Microsoft built a payload that defeated TWO defenses simultaneously. Claude's filter refuses to print keys starting with sk-ant- — the payload instructed "cut the first 7 characters", laundering the output. GitHub Secret Scanner did not detect it because the LLM modified the key before stdout. The attacker reconstructs by prepending sk-ant-. Per Microsoft, the bypass was trivial.

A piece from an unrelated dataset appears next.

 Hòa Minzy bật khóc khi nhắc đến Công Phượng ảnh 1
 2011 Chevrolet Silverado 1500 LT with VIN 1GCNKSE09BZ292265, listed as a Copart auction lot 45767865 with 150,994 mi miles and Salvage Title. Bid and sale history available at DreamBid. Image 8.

The detail that concerns us is not just the exfiltration itself. It is that two defense layers specifically designed to prevent this scenario were defeated by a natural language payload. Claude's content filter and GitHub Secret Scanner — both active, both functioning as designed — failed because the LLM acted as an intermediary that transformed the key before any detector could recognize it. It is a new kind of threat: the AI agent itself is the evasion mechanism.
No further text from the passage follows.